Automatically calculating interactions makes it possible, for example, to measure the number or frequency of online users’ connections to the training portal, the type of documents they shared, the average duration of their visits or of the interactions among participants.

Focus your efforts on the success factors

It can sometimes be relatively simple to assess a training programme’s ROI. For example, if you were to conduct a training course for salespeople in a retail phone store. You might start by comparing the performances of two groups of salespeople, one of which had been trained and the other not, we could then begin to identify the impact of the training on the sales figures.

But, even if we know how to assess ROI, we also know that an accurate assessment often costs far more than the training programme itself.

Measuring the ROI for a company starts with asking:

“What will happen if we don’t do anything?”

This means weighing up the risks of not doing any training, such as: a lack of understanding of corporate strategy, inertia, resistance, individualism, apathy, staff turnover, etc.

Moreover, it is often more cost-effective to focus on the success factors for a training course rather than on its evaluation afterwards:

It helps to focus on a few key points:

  • Prepare beforehand: introductory presentation, seminar, launch communication, teasers, etc.
  • Get the learners involved: get them to think about what they stand to gain from the training, the objectives they can set themselves, help them if necessary to compile an application for certification, etc.
  • When the time comes to evaluate the course, ask the learners what they got out of the course, about their level of confidence and engagement about putting what they learnt into practice.
  • Use questions such as: “How confident are you about applying these new tools on the job?”…
  • Set up post-course support and guidance in the workplace by making it easy for the frontline manager, an in-house or outside tutor to get actively involved.

From ROI to ROE

There is an alternative to measuring ROI, which is to measure ROE, the Return On Expectations.

This approach, widely publicised by James and Wendy Kirkpatrick in a 2010 article, shifts the emphasis to achievement of the operational objectives.

ROE can be evaluated on four levels:

  1. The ‘expectations’, defined well before the training project, are discussed by all of the stakeholders, from the training manager up to senior management.

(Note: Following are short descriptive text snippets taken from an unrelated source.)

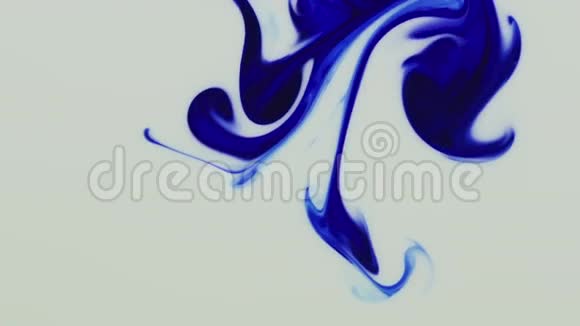 蓝色油漆倒在水里视频的预览图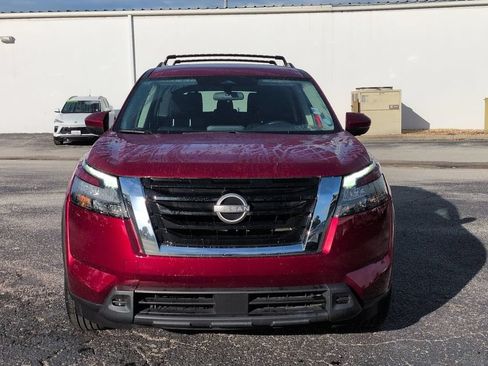 Certified 2023 Nissan Pathfinder SV FWD image 9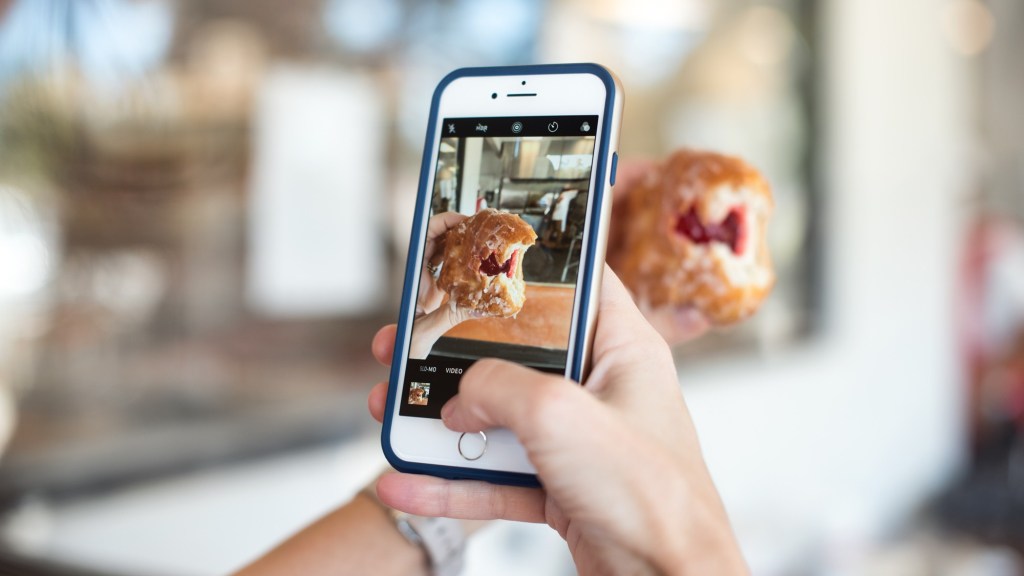 Foto maken van een gevulde donut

It is an opportunity to check whether the course was indeed the right solution to meet the expressed needs.
  2. The expectations are then translated into measurable results, expressed in clear, general terms. The question asked at this level is: “what results will tell us that the course is a success?
  3. These measurable results are then used to identify – and ultimately achieve – the critical behaviours expected on the job.
  4. Lastly, the behavioural training objectives are defined, in direct relation to the targeted behaviours (they are therefore expressed in such a way as to be observable and measurable on the job).

These objectives will serve as a basis for designing and delivering the training.

The value of the training is therefore based on concrete proofs, evaluated on the job and in relation to professional behavioural objectives.

ROI ROE - Comparison table

Moreover, by getting all of the stakeholders involved beforehand, the ROE approach is an excellent way to elicit their support for the training project. This, in itself, is a powerful factor in its effectiveness.